Garnet continued, "The police are about 175,000 people [strong] at present and we are calling up some 41,000 - so there are many police officers left who will be conducting their normal crime prevention, law enforcement and investigation duties. We do not leave the rest of South Africa without any policing - that would be ludicrous."
In terms of the recent wave of terrorism, the air force is prepared to deal with any airborne threats that may present themselves. Brigadier General Les Lombard, in charge of Planning & Execution of Airspace Security said, "Well from the ground we can have an aircraft in the air within a minute. We believe it is a fairly low risk threat at this stage, but all risks we are catering for and exercising against any type of threat."
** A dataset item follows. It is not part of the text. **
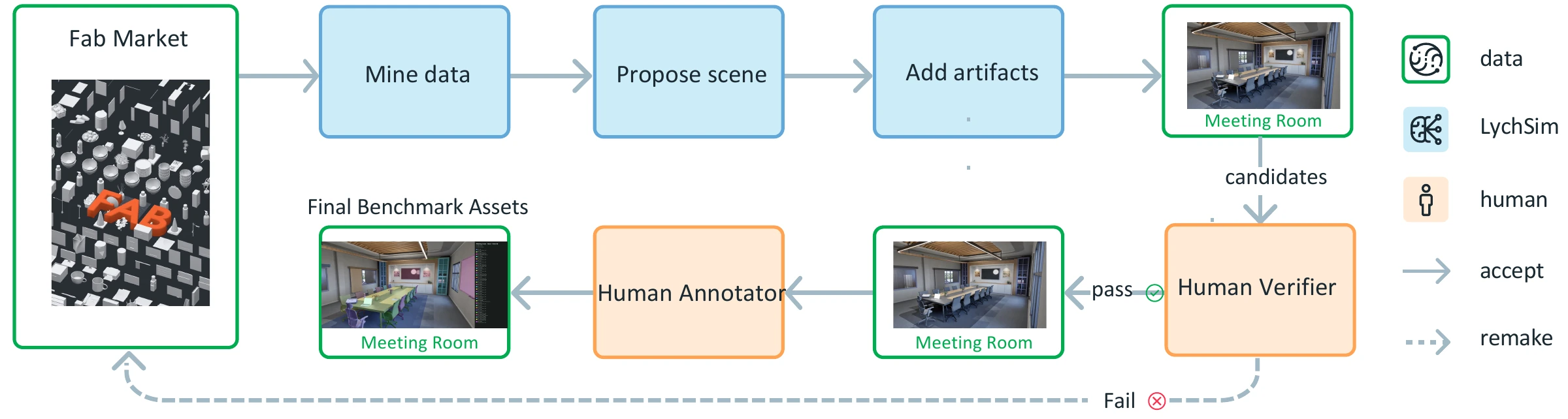 LEGO-Bench construction pipeline: mine Fab assets, assemble candidate scenes, verify scene quality, remake rejected scenes, and annotate accepted scenes with simulator ground truth.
After 18 months of World Cup specific training regarding any threats during the competition, the police, emergency services and the air force gave the media a glimpse of their training.
In a mock exercise, hijackers stormed in and captured members of the media. Three state of the art Hawk fighter jets were immediately commandeered to force the rogue plane down and, for the sake of the exercise, it landed. The hijackers were apprehended and hostages freed by a tactical task force. Meanwhile, a robot diffused a bomb on the tarmac. It was an example of what could happen in an emergency, and the training involved with the various situations portrayed in the exercise was impressive.
Lombard explains, "The worst case scenario would be that there would be intervention on the aircraft which could lead to the aircraft being shot down, but for that we would need presidential approval."
The fact that such situations have been taken into consideration is another reason why the World Cup is bound to be a success in South Africa. So much planning has gone into every detail of the competition. For the duration of the World Cup all aircraft flying within 50 nautical miles of a stadium will be deemed to be in military airspace. Working closely with civil aviation, even the air crews will need to be pre-approved.
Garnet added, "Obviously terrorism remains one of our main focus areas from a safety and security perspective. But I can tell you that we put in contingency plans to deal with any event in South Africa. We have dealt with major events in the past. We've had over 140 major events in the country since 1994 so I am confident from an international perspective that South Africa is quite safe."
Local Organising Committee CEO Danny Jordaan is confident of a safe World Cup. “We have had a 100 per cent safety record for every single match over the last 15 years in this country and, as we sit today, we are confident that we will have a safe event,” he said.
There is no doubt that South Africa is focussing on the safety and security of those fans that will travel to the country during the Confederations Cup and World Cup. It certainly seems as though the country will be very safe and secure during the tournaments, leaving a legacy for those that remain after the final whistle has been blown.